What you should do:
Without the pictures, restate all of the data below word for word.

Input data:
_____

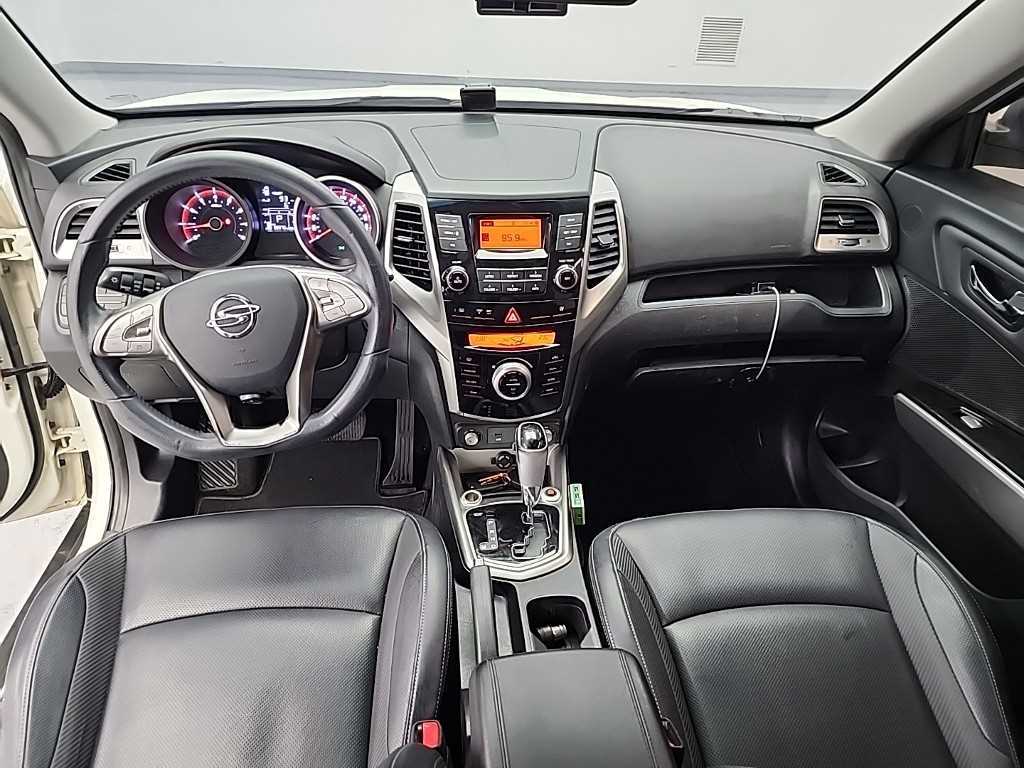 Ssangyong Tivoli - Vista 7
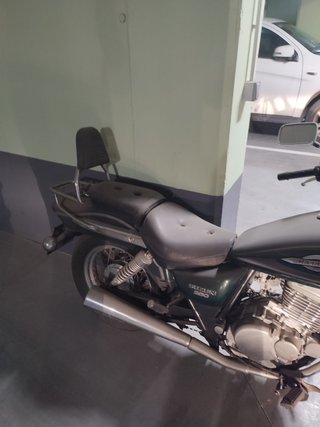 Suzuki Marauder 250cc 2000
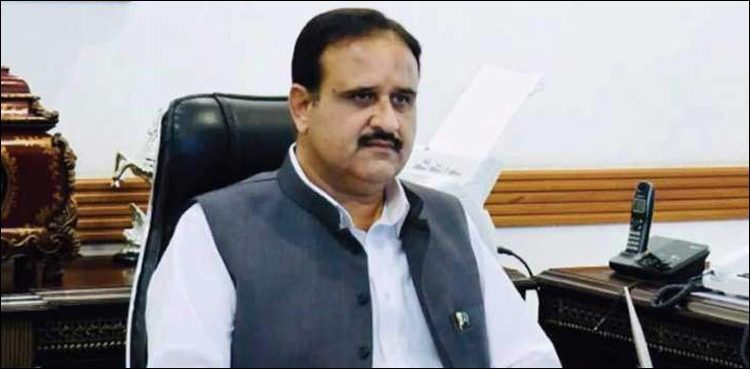CM Buzdar inaugurates several projects in DG Khan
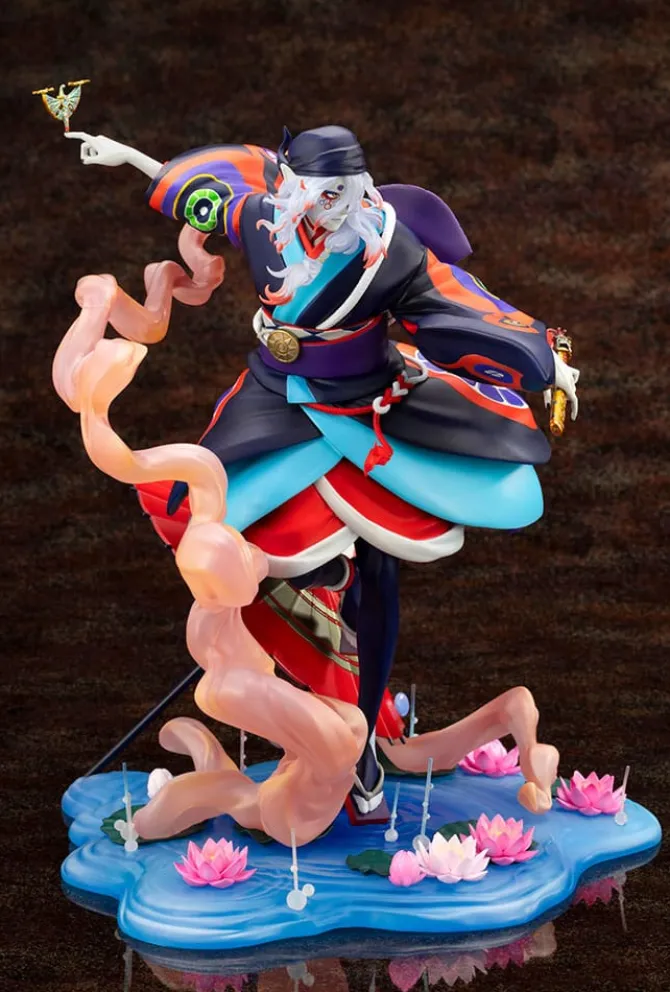Mononoke The Movie: The Phantom in the Rain - Medicine Seller Statue: Kotobukiya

_____

Solved problem:
 Ssangyong Tivoli - Vista 7
 Suzuki Marauder 250cc 2000
CM Buzdar inaugurates several projects in DG Khan
Mononoke The Movie: The Phantom in the Rain - Medicine Seller Statue: Kotobukiya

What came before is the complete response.